II. Configuration Build Embodiments

After the pool planner 117 determines which drives (e.g., the devices 114 of FIG. 1) are eligible for a storage pool (e.g., a final list of eligible drives), the example node manager 110 (and/or the pool planner 117) is configured to create or build a storage service with one or more of the identified drives. The node manager 110 uses the config 804 from the pool planner 117 in addition to the spec 802 to configure the drives within a storage pool. The node manager 110 determines a layout for the pool using spec parameters including for example, a total number of drives needed and/or requested, a number of drives per top-level set or development, and/or a redundancy (e.g., none, RAID, Mirror, etc.). The spec parameters may be validated during the filter process executed by the pool planner 117, with the validation being provided in the config 804. Additionally, the node manager 110 may determine internal parameters including, for example, a size sort order (e.g., small-to-large (log) or large-to-small (cache and pool)) or a drive's device path.

In some examples, the node manager 110 is configured to create a storage pool to improve, optimize and/or maximize path diversity among the drives. The node manager 110 may use one or more filters and/or algorithms/routines to determine a desired path diversity. Some systems may not have path diversity for serial-attached SCSI (“SAS”) ports within a single canister. Accordingly, a HA cluster may be used to create path diversity through canister diversity and/or diversity within each canister. In comparison, AoE path diversity may be based on the AoE pool number.

To create diversity among the eligible drives, the example node manager 110 is configured to determine a path to each drive. AoE drives may be sorted by pool number while other drives are sorted by the device path. For CorOS 8.0.0, device_path for devices that use mpxio multipathing are not grouped by their multiple paths. Instead, all of the devices treated as one group, which is a reasonable decision for EX and ZX hardware.

The node manager 110 then builds a table (or list, data structure, etc.) using the device path in a column next to the respective drive name. For example, the pool planner 117 may provide to the node manage 117 a list of 16 eligible drives, shown below in Table 2 by the drive name. The node manager 110 determines an AoE pool number for each drive and add that information to the table. The node manager 110 may then add drives as rows for each respective device path.
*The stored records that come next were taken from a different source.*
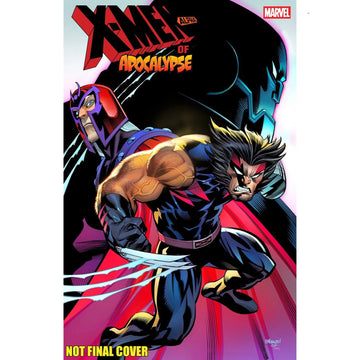 X-Men of Apocalypse Alpha: #1 [Ed McGuinness - 1:100 ] 2025 Comics Marvel Comics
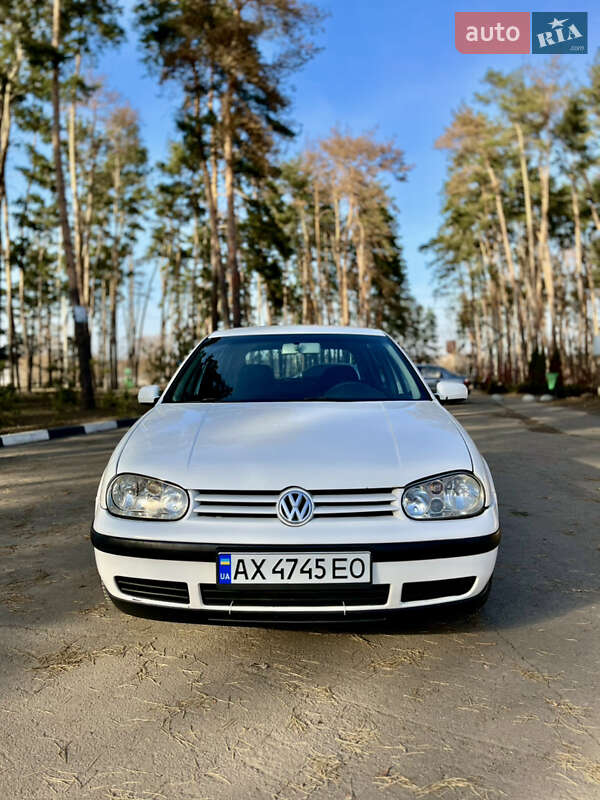 2001 volkswagen golf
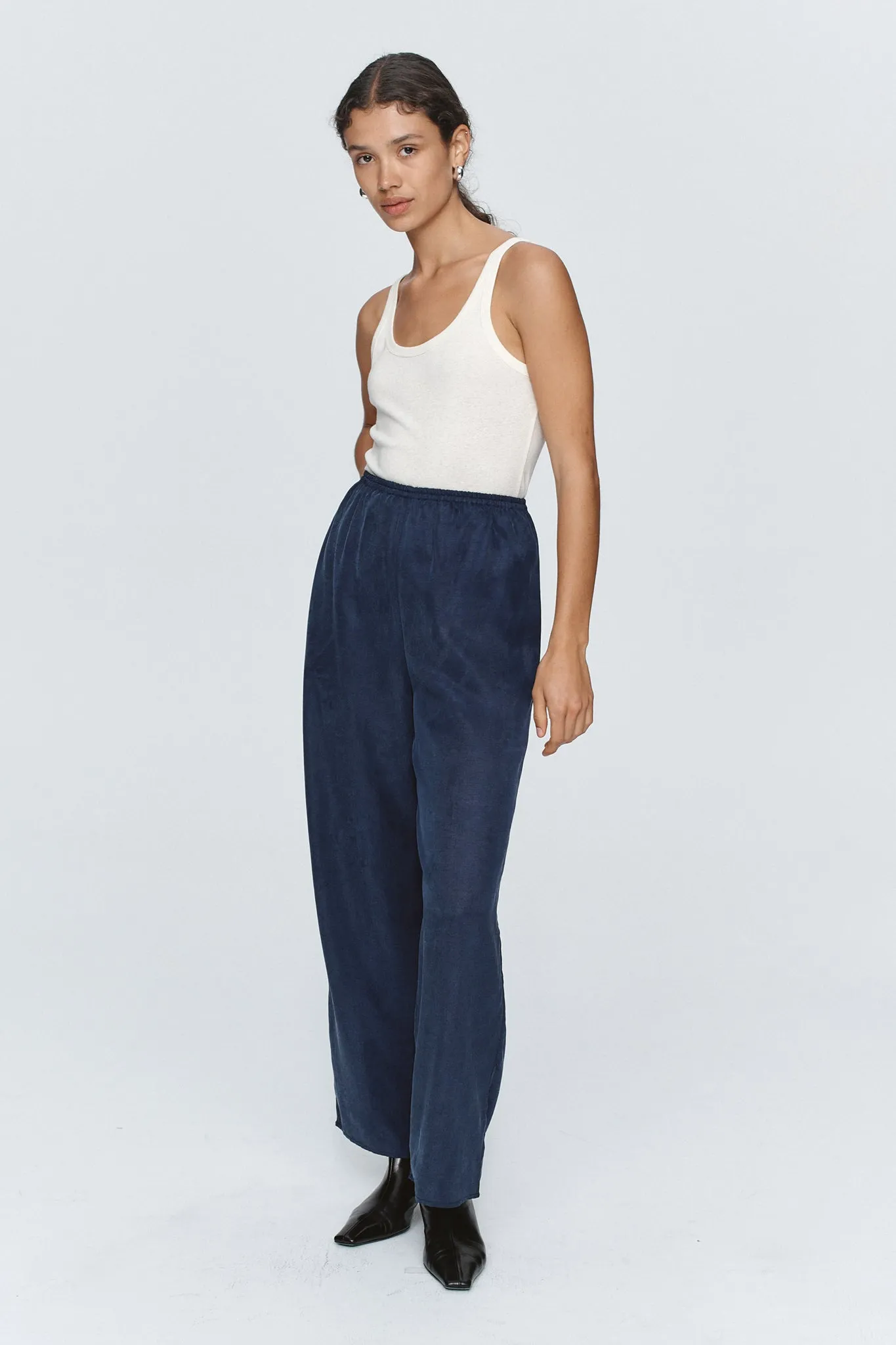 Marle | Renee Pant - Navy sold by Sister & Co product image thumbnail 2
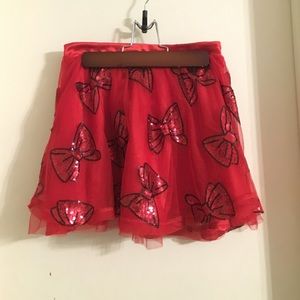 Minnie Mouse Tutu Skirt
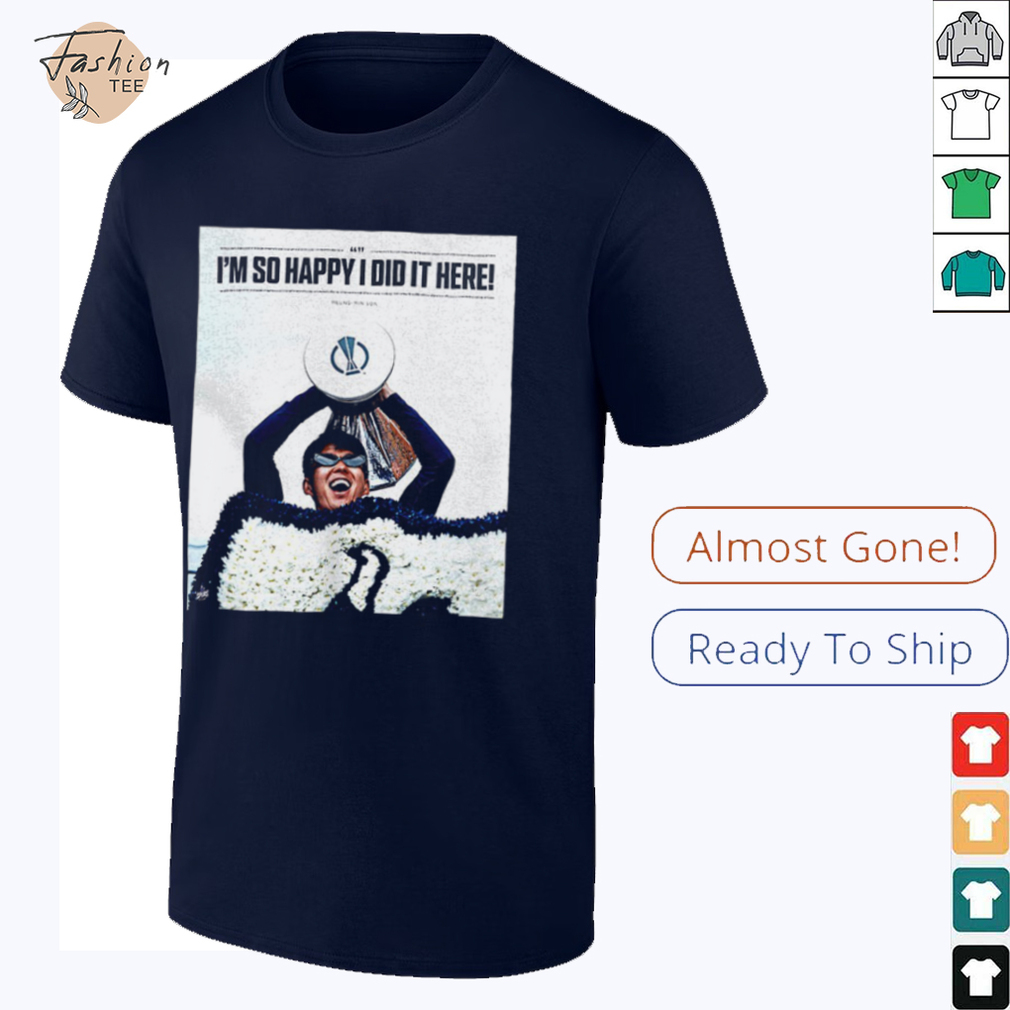 Son Heung Min i’m so glad that i did it here shirt Son Heung Min i’m so glad that i did it here shirt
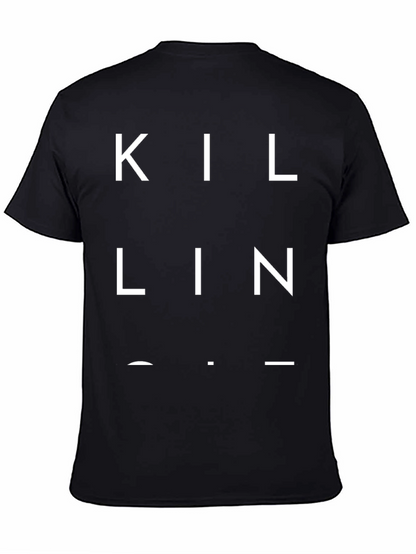 Killing It T-Shirt - Black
For example, all drives with the same 100 AoE pool number are placed within the ‘100’ column, shown in Table 3.

TABLE 2

Example Drive Build Table

Drive
aoe_pool_num

drive1
100

drive2
100

drive3
224

drive4
392

drive5
392

drive6
100

drive7
100

drive8
224

drive9
100

drive10
392

drive11
100

drive12
224

drive13
100

drive14
392

drive15
100

drive16
224

TABLE 3

Example Drive Assignment

Path
100
224
392

Row1
drive1
drive3
drive4

Row2
drive2
drive8
drive5

Row3
drive6
drive12
drive10

Row4
drive7
drive16
drive14

Row5
drive9

Row6
drive11

Row7
drive13

Row8
drive15

The example node manager 110 is configured to build the pool drives by going through each path list, round-robin, and select a drive from each list until the number of drives needed and/or specified has been reached. The node manager 110 creates the pools such that each top-level set contains only the specified number of drives per set. Table 4 below shows different examples of how the 16 drives may be configured based on the drives needed, drives per set, and redundancy. It should be appreciated that this described algorithm or drive filtering provides arguably the best diversity among drives as possible by spreading wide, then deep the assignment of drives across all diverse paths.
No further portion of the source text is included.